START Source information

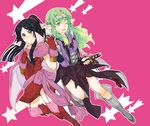  :d black_hair blush boots cape chiki chiki_(cosplay) cosplay costume_switch dress dress_tug embarrassed fire_emblem fire_emblem:_kakusei fire_emblem:_monshou_no_nazo fur_trim garter_straps green_eyes green_hair grey_eyes hair_ribbon holding_hands ika_(hinatu1992) interlocked_fingers japanese_clothes katana kimono long_hair mamkute multiple_girls one_eye_closed open_mouth pink_legwear pointy_ears ponytail ribbon sairi sairi_(cosplay) sairi_(fire_emblem) sash smile star sword thigh_boots thighhighs wavy_mouth weapon 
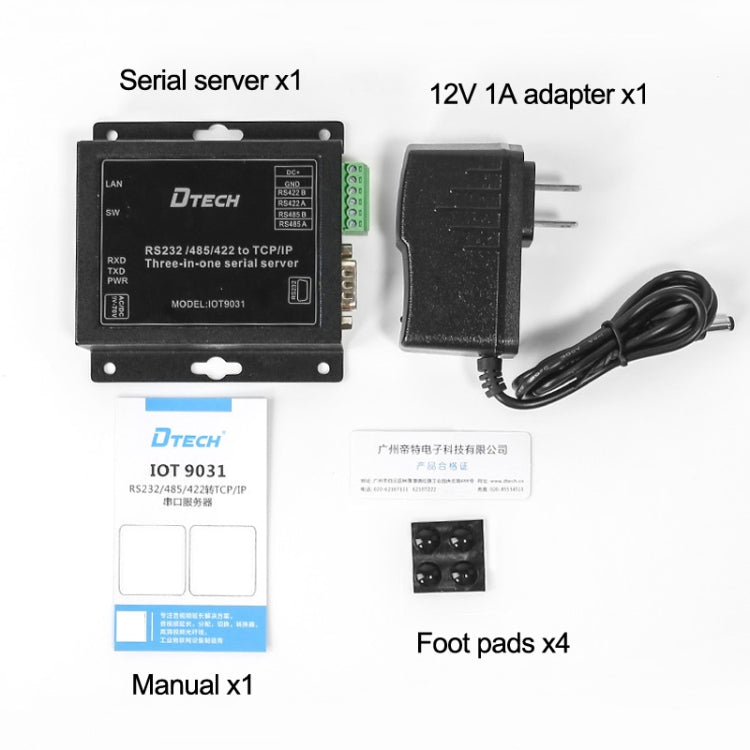 DTECH IOT9031 RS232/485/422 To TCP 3 In 1 Serial Server, CN Plug My Store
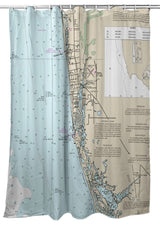 Betsy Drake Naples Bay, FL Nautical Map Shower Curtain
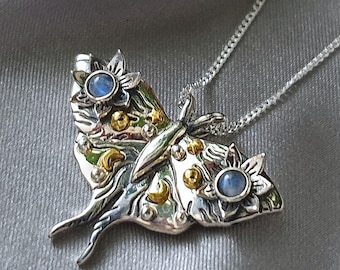 Sterling Silver Luna Moth Necklace with Moonstone gemstones - Moth amulet - Spiritual necklace - Gift for her - Designer jewelry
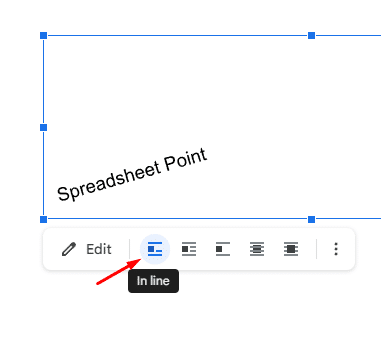 Where to find the in-line mode in Google Docs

END Source information

What you have to do → For this exercise, transcribe the data above line by line, exactly, with pictures omitted.

Task output →
  :d black_hair blush boots cape chiki chiki_(cosplay) cosplay costume_switch dress dress_tug embarrassed fire_emblem fire_emblem:_kakusei fire_emblem:_monshou_no_nazo fur_trim garter_straps green_eyes green_hair grey_eyes hair_ribbon holding_hands ika_(hinatu1992) interlocked_fingers japanese_clothes katana kimono long_hair mamkute multiple_girls one_eye_closed open_mouth pink_legwear pointy_ears ponytail ribbon sairi sairi_(cosplay) sairi_(fire_emblem) sash smile star sword thigh_boots thighhighs wavy_mouth weapon 
 DTECH IOT9031 RS232/485/422 To TCP 3 In 1 Serial Server, CN Plug My Store
 Betsy Drake Naples Bay, FL Nautical Map Shower Curtain
 Sterling Silver Luna Moth Necklace with Moonstone gemstones - Moth amulet - Spiritual necklace - Gift for her - Designer jewelry
 Where to find the in-line mode in Google Docs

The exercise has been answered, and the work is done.